The wartime leader of the Bosnian Serbs, Radovan Karadžić, resigned amid international pressure as President of Republika Srpska. In the first post-war elections held in 1996, Karadžić's Serb Democratic Party (SDS) won as expected. In the elections for the Presidency of Bosnia and Herzegovina, Momčilo Krajišnik (SDS), the previous president of the National Assembly, and during the war, the second most influential political figure in Republika Srpska, won. Gojko Kličković became Prime Minister, while Dragan Kalinić was elected President of the National Assembly. At the same time, in the presidential elections, former member of the Presidency of SR of Bosnia and Herzegovina and Vice President of Republika Srpska, Biljana Plavšić, became the first female leader of any Serb entity in history. She soon came into conflict with Krajišnik and Karadžić, who, even after retiring from all state and party duties, remained very influential. The conflict was primarily on the line of formal and informal power, but also the transition from wartime to peacetime conditions. The antagonisms between the eastern and western parts of Republika Srpska and the issue of the capital, which was moved from the war location in Pale, in violation of the constitution, to Banja Luka, also came to light.

The National Assembly, elected in the 1996 general election, was dissolved on 3 July 1997 by Republika Srpska president Biljana Plavšić. The Assembly did not accept that dissolution and continued its work by passing acts that would later be annulled. The Assembly voted on 5 July to strip Plavšić of her powers and transfer them to the supreme defence council. Plavšić, meanwhile, met with US special envoy for the former Yugoslavia Peter Galbraith in Banja Luka and continued solidifying her support from the international community.

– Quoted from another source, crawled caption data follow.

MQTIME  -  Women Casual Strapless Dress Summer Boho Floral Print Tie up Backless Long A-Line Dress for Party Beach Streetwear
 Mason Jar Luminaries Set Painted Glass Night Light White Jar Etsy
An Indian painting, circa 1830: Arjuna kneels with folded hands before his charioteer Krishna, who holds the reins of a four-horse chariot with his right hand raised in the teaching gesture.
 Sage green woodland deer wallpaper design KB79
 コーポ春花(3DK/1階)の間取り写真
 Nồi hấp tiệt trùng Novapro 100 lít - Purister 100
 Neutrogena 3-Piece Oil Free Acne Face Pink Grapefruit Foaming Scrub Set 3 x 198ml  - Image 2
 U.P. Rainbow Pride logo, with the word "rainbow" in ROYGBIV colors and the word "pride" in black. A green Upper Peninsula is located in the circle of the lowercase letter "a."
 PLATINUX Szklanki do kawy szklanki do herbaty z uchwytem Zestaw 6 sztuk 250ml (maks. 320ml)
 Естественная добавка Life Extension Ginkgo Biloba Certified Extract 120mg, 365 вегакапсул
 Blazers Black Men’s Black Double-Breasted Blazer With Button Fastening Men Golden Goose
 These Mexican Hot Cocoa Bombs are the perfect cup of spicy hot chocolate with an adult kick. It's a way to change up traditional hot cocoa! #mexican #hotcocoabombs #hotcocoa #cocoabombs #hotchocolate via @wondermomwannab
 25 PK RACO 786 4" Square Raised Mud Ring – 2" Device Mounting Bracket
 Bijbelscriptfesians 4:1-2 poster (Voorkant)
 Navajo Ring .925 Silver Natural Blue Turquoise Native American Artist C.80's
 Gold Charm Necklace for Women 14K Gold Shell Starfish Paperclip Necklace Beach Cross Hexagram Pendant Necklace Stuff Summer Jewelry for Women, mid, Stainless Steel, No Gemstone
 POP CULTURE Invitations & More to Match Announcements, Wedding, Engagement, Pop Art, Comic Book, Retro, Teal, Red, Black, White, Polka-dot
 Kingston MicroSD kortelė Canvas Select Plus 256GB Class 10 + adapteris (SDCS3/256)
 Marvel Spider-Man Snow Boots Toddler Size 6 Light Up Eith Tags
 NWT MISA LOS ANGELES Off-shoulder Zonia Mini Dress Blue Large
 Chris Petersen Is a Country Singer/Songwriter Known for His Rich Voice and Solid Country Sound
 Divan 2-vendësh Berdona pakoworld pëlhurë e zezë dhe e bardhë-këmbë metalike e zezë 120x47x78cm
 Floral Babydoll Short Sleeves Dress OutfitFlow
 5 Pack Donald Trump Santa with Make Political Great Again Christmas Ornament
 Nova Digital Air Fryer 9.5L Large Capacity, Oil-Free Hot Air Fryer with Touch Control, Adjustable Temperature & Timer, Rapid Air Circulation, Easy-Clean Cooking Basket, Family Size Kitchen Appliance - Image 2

In the spring of 1997, Republika Srpska entered a state of political crisis. The republican police was divided, the eastern part supported Krajišnik and the majority of the SDS, while the western part supported Plavšić. Riots broke out in Banja Luka in September, with protesters allegedly trying to take over the Presidential Palace and entity television. Plavšić accused the leadership of SDS and pro-Karadžić supporters for a coup attempt.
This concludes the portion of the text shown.